[Input]
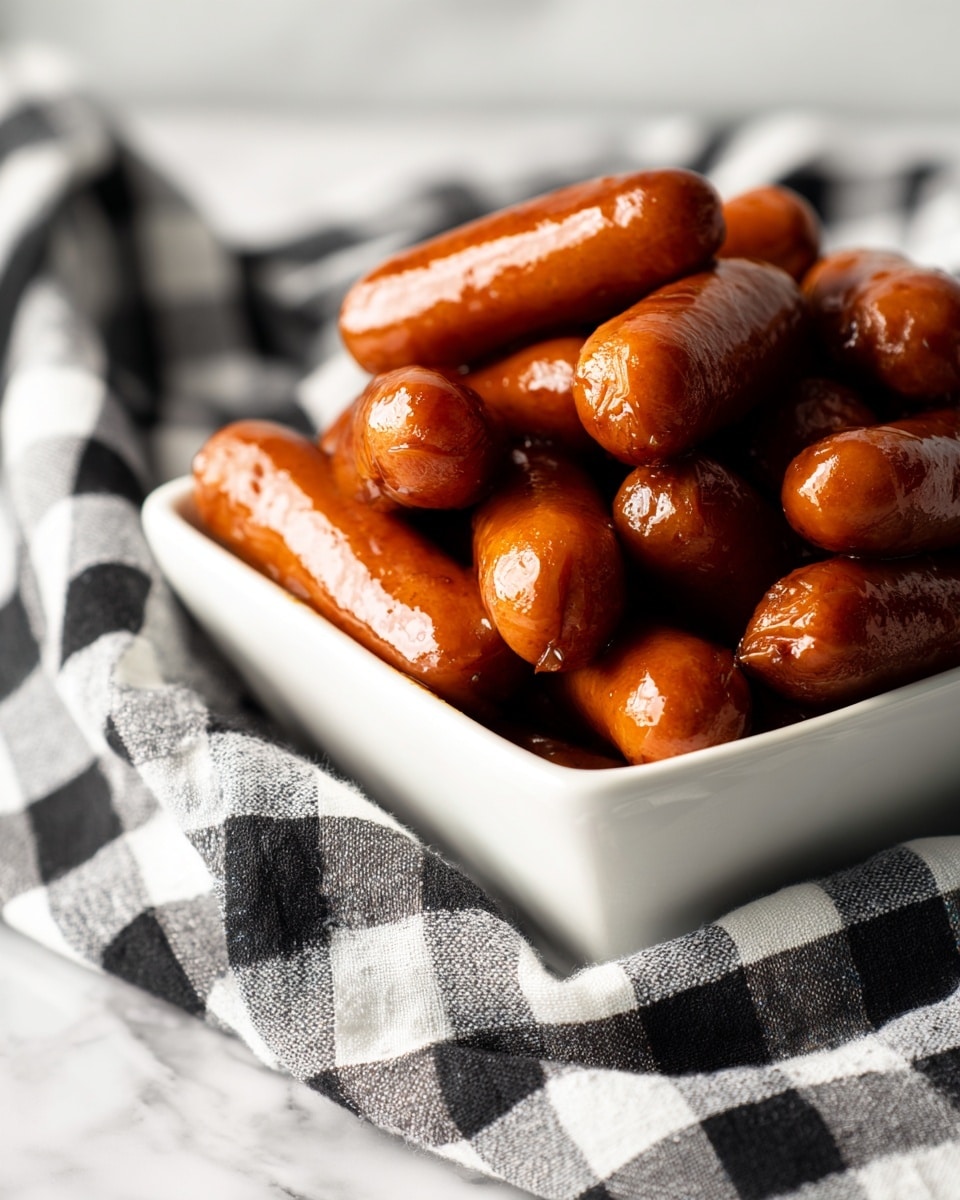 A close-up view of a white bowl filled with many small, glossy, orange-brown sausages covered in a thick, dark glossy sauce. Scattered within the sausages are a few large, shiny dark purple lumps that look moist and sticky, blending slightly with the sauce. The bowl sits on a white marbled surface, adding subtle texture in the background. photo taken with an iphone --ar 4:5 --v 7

==

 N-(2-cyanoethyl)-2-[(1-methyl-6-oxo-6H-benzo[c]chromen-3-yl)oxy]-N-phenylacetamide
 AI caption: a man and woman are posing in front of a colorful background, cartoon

...

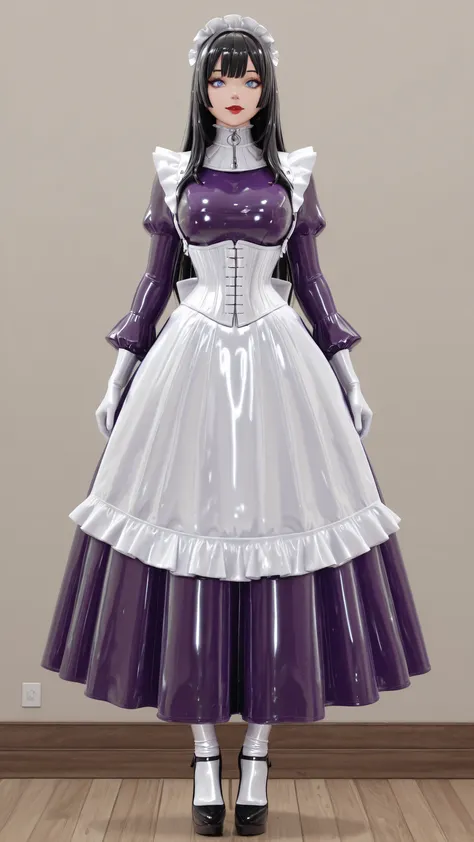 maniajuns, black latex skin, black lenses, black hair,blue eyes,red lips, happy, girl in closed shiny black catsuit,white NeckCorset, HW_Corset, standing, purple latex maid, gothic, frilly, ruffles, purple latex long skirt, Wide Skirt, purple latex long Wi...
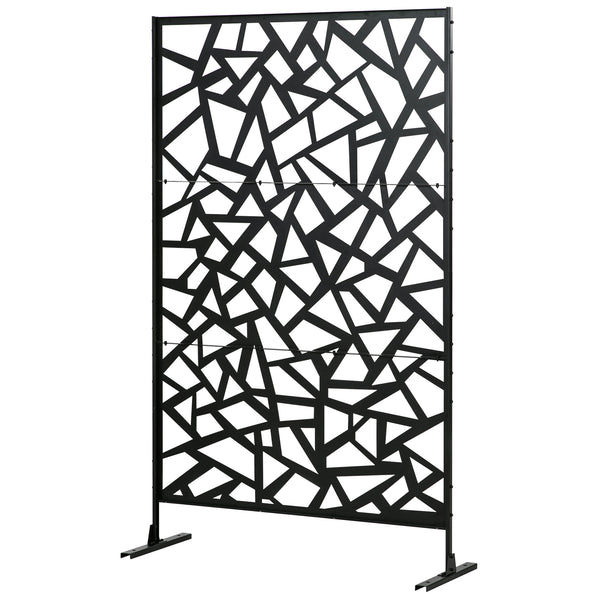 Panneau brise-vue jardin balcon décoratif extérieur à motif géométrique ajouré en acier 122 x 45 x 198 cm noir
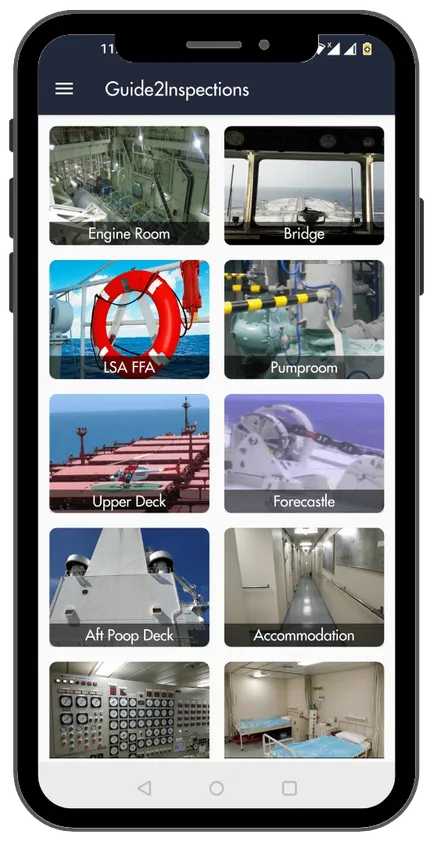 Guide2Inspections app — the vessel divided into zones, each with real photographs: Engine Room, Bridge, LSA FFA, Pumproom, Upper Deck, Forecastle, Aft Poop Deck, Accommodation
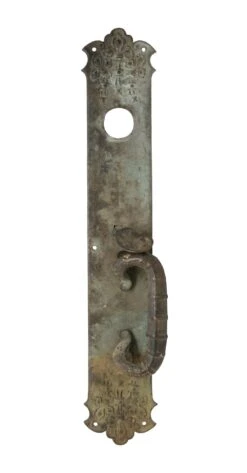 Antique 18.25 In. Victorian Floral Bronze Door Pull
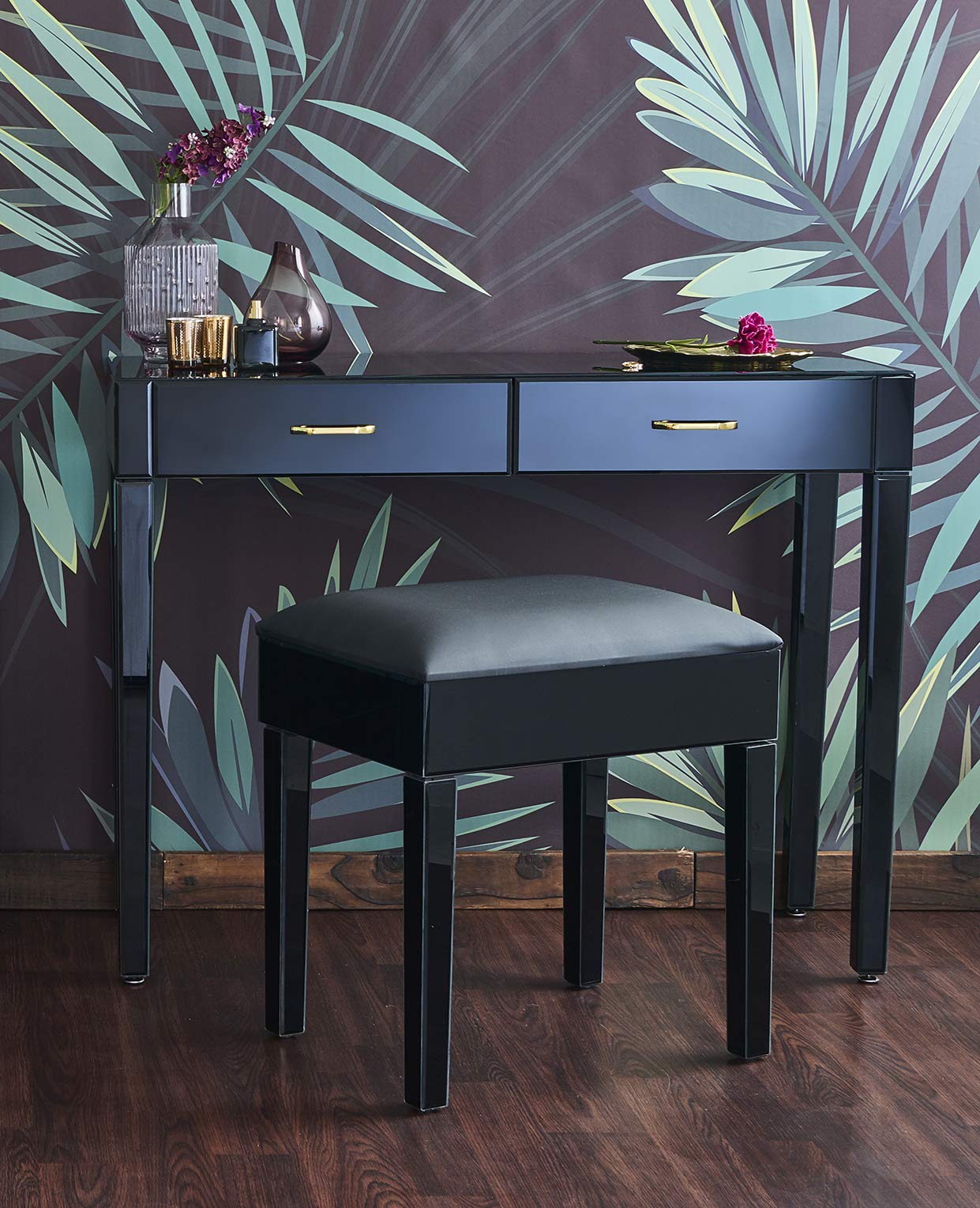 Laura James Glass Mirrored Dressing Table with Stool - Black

[What is being asked]
Go down the entries above from the line containing "maniajuns, black latex" to the line containing "Panneau brise-vue jardin" and write out each line exactly, leaving pictures out.

[Problem solution]
 maniajuns, black latex skin, black lenses, black hair,blue eyes,red lips, happy, girl in closed shiny black catsuit,white NeckCorset, HW_Corset, standing, purple latex maid, gothic, frilly, ruffles, purple latex long skirt, Wide Skirt, purple latex long Wi...
 Panneau brise-vue jardin balcon décoratif extérieur à motif géométrique ajouré en acier 122 x 45 x 198 cm noir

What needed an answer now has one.